■ Exercise prompt ■
Your output is to hold only the lines from the one showing "Thank you everyone" through the end of the listing, exactly, with every picture excluded.

■ Source material ■

------------------------

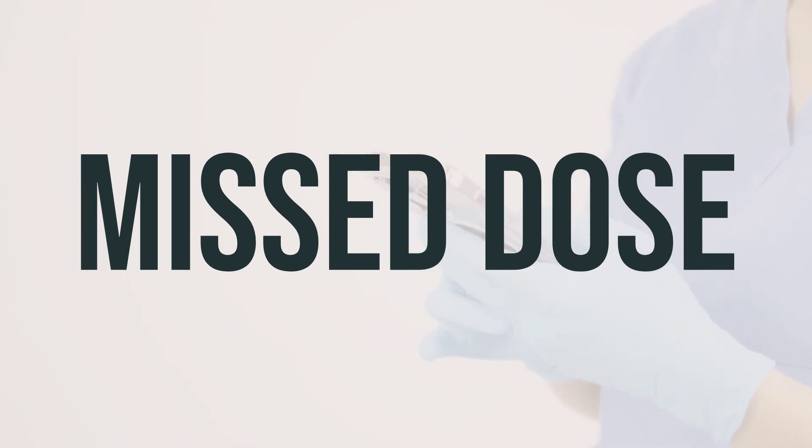If you forget to take a dose of pilocarpine HCL, you can take it as soon as you remember. However, if it's almost time for your next dose, just wait and take the next dose at the regular time. It's important not to take a double dose to make up for the missed one. This medication is usually taken four times a day, with the first dose in the morning, the second dose around midday, the third dose in the afternoon, and the last dose at bedtime. It's best to take it at the same times every day to maintain a consistent level of the medication in your body.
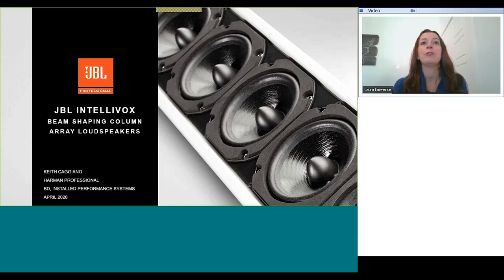Thank you everyone for joining us for this webinar on JBL Intellivox loudspeaker beam shaping technology presented by Keith Caggiano. My name is Laura Lawrence and I'm the global marketing director at Harman. Everyone on the call is muted to keep noise levels down. There is a chat function where you can submit questions to the presenter. This webinar will also be recorded and the link will be made available a few days after this presentation.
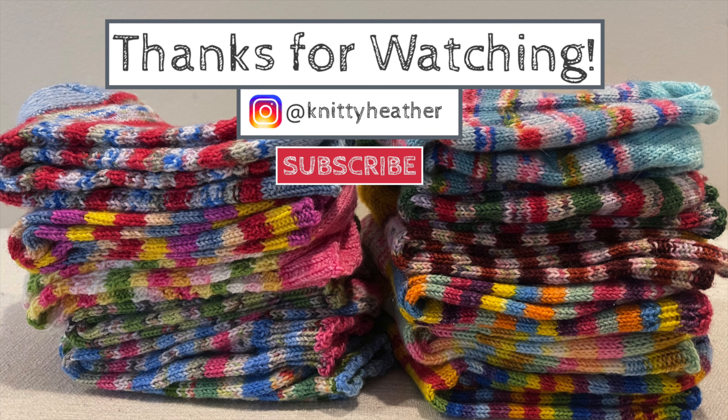Well, that is about all I have for you this episode. Thank you so much for spending a little bit of time with me — I really appreciate it. Please don't forget to give this video a like and consider subscribing. Let me know what you are working on and any thoughts or feedback — you're welcome to leave a comment below or message me on Instagram at Knitty Heather. Until next time, be well, be kind, and happy knitting. We'll see you in the next one. Bye!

------------------------

■ Output of the exercise ■
Thank you everyone for joining us for this webinar on JBL Intellivox loudspeaker beam shaping technology presented by Keith Caggiano. My name is Laura Lawrence and I'm the global marketing director at Harman. Everyone on the call is muted to keep noise levels down. There is a chat function where you can submit questions to the presenter. This webinar will also be recorded and the link will be made available a few days after this presentation.
Well, that is about all I have for you this episode. Thank you so much for spending a little bit of time with me — I really appreciate it. Please don't forget to give this video a like and consider subscribing. Let me know what you are working on and any thoughts or feedback — you're welcome to leave a comment below or message me on Instagram at Knitty Heather. Until next time, be well, be kind, and happy knitting. We'll see you in the next one. Bye!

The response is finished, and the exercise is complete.